Пелопоннесская война, которая шла между Афинами, Спартой и их союзниками с 431 по 404 год до н. э., имела одну общую черту со значительно более краткой войной между греками и персами: у каждой из них был свой великий летописец. Фукидид, однако, предупреждал своих читателей, что он не Геродот. В своей истории он воздержится от красивостей, грешащих против истины.
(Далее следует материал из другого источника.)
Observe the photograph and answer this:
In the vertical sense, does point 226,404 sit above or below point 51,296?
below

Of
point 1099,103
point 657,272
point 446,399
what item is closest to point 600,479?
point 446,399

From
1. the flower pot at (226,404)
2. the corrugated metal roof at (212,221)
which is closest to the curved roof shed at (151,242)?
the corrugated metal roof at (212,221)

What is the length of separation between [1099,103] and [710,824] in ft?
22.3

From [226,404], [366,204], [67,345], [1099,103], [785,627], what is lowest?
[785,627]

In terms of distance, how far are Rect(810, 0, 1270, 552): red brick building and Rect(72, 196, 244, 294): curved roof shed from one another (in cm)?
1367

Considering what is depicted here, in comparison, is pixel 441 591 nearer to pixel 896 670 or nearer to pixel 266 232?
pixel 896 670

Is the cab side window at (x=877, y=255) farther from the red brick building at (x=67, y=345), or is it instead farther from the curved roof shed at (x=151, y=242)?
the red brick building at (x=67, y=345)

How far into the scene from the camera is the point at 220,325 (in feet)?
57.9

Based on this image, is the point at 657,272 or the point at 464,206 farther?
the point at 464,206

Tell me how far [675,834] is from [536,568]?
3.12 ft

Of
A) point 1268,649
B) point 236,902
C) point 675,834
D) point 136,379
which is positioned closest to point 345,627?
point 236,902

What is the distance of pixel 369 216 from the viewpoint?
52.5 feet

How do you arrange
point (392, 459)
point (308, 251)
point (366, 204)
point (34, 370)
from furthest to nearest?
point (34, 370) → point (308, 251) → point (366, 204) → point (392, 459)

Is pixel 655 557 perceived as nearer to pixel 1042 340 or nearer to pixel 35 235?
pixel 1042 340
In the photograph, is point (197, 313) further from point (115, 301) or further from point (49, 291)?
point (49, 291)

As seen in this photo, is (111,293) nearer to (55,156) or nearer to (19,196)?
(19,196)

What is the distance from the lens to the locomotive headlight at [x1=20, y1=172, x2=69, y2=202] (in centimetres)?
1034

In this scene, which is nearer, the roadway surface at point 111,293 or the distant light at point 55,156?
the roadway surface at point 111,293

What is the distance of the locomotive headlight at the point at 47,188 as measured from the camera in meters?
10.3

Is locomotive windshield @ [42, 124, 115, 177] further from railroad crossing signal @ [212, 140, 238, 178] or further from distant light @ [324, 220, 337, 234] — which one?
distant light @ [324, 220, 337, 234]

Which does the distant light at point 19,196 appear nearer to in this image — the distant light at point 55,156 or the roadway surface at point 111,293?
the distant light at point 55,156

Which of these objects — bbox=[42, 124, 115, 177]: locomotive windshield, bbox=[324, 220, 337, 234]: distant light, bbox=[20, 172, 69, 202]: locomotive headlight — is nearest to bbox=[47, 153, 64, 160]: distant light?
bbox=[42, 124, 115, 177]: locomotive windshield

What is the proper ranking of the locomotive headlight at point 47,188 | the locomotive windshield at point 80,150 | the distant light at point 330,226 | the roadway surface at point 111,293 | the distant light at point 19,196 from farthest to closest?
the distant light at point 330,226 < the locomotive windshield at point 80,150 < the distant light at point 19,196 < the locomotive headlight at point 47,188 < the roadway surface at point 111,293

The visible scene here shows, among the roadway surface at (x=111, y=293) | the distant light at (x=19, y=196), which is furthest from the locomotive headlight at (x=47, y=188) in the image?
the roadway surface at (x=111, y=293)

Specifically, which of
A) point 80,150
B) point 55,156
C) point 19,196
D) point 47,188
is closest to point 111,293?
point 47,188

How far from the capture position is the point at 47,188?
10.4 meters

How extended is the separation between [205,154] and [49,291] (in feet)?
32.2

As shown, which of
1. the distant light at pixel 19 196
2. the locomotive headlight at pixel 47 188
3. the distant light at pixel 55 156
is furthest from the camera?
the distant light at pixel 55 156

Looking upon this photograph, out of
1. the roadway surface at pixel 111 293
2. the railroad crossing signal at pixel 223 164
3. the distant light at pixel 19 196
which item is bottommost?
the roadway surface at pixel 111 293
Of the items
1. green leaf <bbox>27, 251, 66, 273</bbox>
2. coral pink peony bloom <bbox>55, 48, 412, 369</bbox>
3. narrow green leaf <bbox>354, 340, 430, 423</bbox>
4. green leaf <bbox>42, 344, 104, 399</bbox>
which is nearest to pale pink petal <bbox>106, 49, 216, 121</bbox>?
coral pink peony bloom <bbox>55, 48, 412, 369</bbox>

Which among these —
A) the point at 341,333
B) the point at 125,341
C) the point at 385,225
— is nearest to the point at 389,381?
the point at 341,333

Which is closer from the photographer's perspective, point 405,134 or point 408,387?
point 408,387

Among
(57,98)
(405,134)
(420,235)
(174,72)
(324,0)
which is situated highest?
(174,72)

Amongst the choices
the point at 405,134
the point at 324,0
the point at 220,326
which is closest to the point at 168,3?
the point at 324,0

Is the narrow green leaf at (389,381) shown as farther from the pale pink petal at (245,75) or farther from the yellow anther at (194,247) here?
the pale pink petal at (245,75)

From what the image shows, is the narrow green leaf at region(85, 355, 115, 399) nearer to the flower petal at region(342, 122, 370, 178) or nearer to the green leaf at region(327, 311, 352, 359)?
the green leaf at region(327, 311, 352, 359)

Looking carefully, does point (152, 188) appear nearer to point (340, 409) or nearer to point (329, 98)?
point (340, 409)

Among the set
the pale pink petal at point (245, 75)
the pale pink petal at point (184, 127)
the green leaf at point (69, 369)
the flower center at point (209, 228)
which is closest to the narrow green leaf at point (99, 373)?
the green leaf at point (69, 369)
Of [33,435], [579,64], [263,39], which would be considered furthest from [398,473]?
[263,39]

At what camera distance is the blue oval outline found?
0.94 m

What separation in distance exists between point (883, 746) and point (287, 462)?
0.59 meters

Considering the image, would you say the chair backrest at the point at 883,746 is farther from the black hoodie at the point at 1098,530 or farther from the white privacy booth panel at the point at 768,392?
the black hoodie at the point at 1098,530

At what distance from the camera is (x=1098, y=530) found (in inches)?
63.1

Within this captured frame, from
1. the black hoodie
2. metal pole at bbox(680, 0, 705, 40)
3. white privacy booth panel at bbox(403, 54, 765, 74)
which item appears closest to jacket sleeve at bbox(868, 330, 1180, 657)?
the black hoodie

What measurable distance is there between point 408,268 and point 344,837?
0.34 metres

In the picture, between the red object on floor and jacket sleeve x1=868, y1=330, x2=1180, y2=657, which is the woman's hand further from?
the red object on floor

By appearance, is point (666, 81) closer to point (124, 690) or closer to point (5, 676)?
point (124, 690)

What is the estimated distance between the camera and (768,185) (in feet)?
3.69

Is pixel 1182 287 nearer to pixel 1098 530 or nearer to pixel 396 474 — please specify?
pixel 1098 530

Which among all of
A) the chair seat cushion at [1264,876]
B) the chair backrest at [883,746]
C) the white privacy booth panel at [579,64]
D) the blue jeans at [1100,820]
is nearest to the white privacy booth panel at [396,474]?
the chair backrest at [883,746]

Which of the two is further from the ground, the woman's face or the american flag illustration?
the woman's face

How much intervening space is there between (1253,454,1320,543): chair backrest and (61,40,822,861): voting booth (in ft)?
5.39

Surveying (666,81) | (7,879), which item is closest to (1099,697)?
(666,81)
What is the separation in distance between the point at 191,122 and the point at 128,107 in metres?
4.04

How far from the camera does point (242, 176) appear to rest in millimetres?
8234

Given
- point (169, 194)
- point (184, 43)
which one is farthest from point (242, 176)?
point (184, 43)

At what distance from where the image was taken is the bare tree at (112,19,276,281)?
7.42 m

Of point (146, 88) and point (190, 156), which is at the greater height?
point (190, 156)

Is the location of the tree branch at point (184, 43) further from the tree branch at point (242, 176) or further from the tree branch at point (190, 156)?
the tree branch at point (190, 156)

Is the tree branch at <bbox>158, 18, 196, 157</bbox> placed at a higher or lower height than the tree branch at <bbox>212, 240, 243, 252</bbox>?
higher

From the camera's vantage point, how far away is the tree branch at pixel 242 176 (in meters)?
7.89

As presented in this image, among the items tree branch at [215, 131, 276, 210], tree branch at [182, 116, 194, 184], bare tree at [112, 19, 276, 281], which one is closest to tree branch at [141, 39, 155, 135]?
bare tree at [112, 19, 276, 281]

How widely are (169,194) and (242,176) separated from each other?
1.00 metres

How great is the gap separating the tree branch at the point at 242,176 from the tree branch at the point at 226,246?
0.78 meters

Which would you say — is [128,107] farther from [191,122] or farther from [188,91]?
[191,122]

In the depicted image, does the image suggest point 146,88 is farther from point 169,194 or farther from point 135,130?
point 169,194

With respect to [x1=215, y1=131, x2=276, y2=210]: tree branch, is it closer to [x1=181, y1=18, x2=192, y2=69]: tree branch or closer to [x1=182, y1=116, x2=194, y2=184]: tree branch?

Он писал, что из-за «отсутствия в нем всего баснословного», возможно, его исследование «покажется малопривлекательным», однако он надеется, что его труд будет тем же, что Плутарх увидел в остатках Афин: неподвластным времени творением, «достоянием навеки». Будет достаточно, писал Фукидид, если его историю сочтут полезной те, кто захочет «исследовать достоверность прошлых и возможность будущих событий (могущих когда-нибудь повториться по свойству человеческой природы в том же или сходном виде)»[55].
Прошлое и будущее у Фукидида не более равны друг другу, чем возможности и устремления в стратегии; но между ними есть связь. О прошлом мы можем узнать только из ненадежных источников, в том числе из наших собственных воспоминаний. Будущего мы не можем знать вообще; мы знаем лишь, что оно возникнет в прошлом, но затем отделится от него. Различие, которое Фукидид проводит между сходством и отражением – между моделями, переживающими время, и точными отражениями, выцветающими из-за времени, – выравнивает асимметрию, поскольку предполагает, что прошлое готовит нас к будущему только тогда, когда оно переходит в будущее, пусть и сильно изменяясь при этом. Точно так же, как возможности ограничивают устремления обстоятельствами.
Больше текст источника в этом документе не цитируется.